201 C-Town LLC v. City of N.Y.

Citation206 A.D.3d 1398,171 N.Y.S.3d 235
Decision Date23 June 2022
Docket Number532888
Parties In the Matter of 201 C–TOWN LLC, Respondent, v. CITY OF ITHACA, New York, et al., Appellants.
CourtNew York Supreme Court — Appellate Division

Aaron O. Lavine, City Attorney, Ithaca (Victor J. Kessler of counsel), for appellants.

Weaver Mancuso Brightman PLLC, Rochester (John A. Mancuso of counsel), for respondent.

Before: Egan Jr., J.P., Lynch, Aarons, Reynolds Fitzgerald and Ceresia, JJ.

MEMORANDUM AND ORDER

Egan Jr., J.P.

Appeals from an order and a judgment of the Supreme Court (McBride, J.), entered February 10, 2021 and April 2, 2021 in Tompkins County, which, among other things, in a combined proceeding pursuant to CPLR article 78 and action for declaratory judgment, granted petitioner's cross motion for summary judgment.

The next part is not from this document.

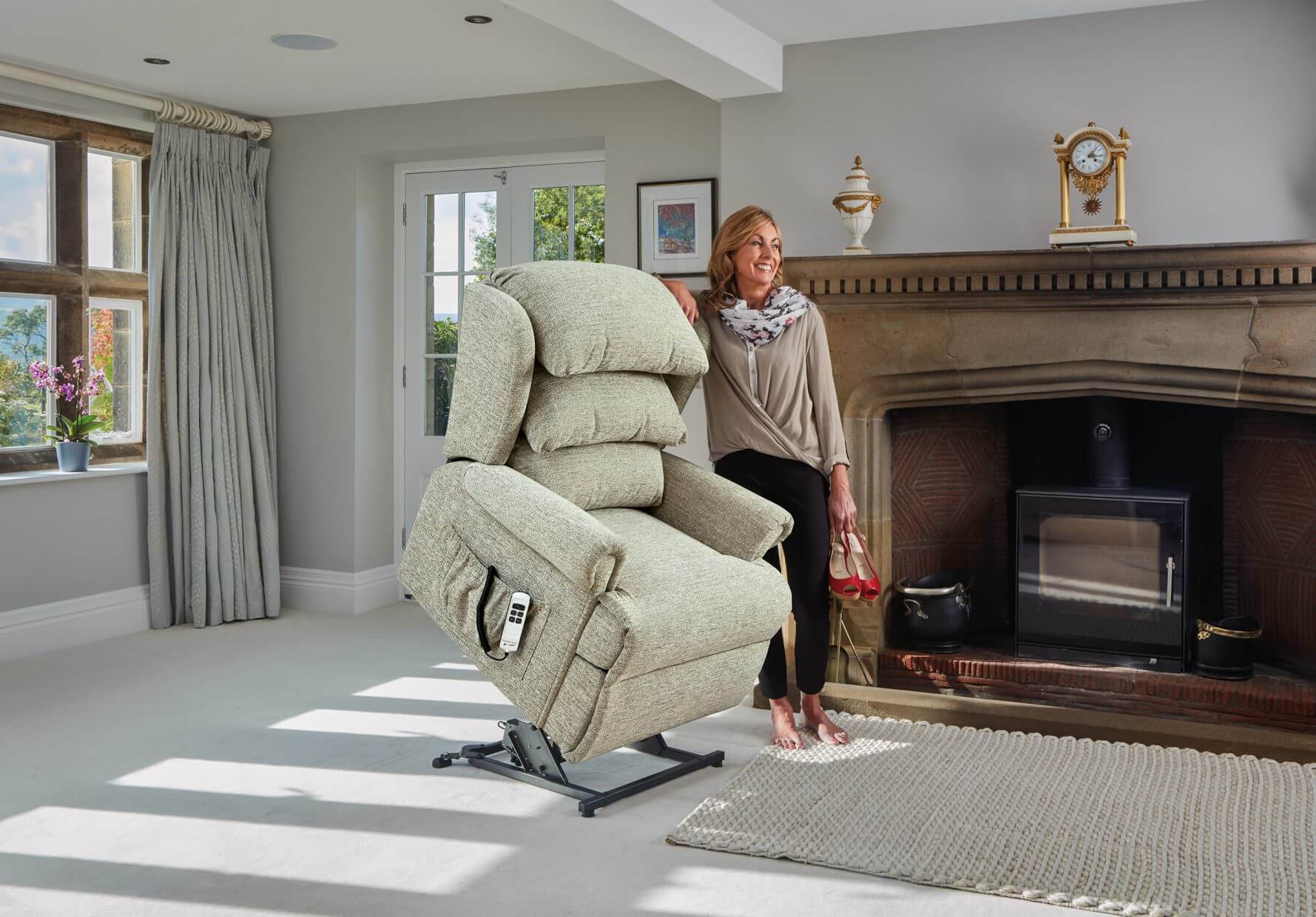 Common Sherborne Recliner Chair Problems That You Must Know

Petitioner owns real property (hereinafter the subject property) in a densely developed area of the City of Ithaca, Tompkins County upon which, in 2015, plans were developed to construct a 44–unit apartment building (hereinafter the project). In 2016, the Planning and Development Board for respondent City of Ithaca granted preliminary, then final, site plan approval for the project. As the site plan contemplated, among other things, the use of adjacent Bool Street as a construction staging and crane set up area, as well as sidewalk closures, site plan approval was conditioned upon the acquisition of a street permit from the City authorizing the obstructions in municipal rights-of-way. Petitioner's contractor submitted a street permit application to the City's Department of Public Works in October 2016 that included a work site plan reflecting the obstructions that would be caused by the project. In January 2017, following payment of a $50 application fee, the permit was issued.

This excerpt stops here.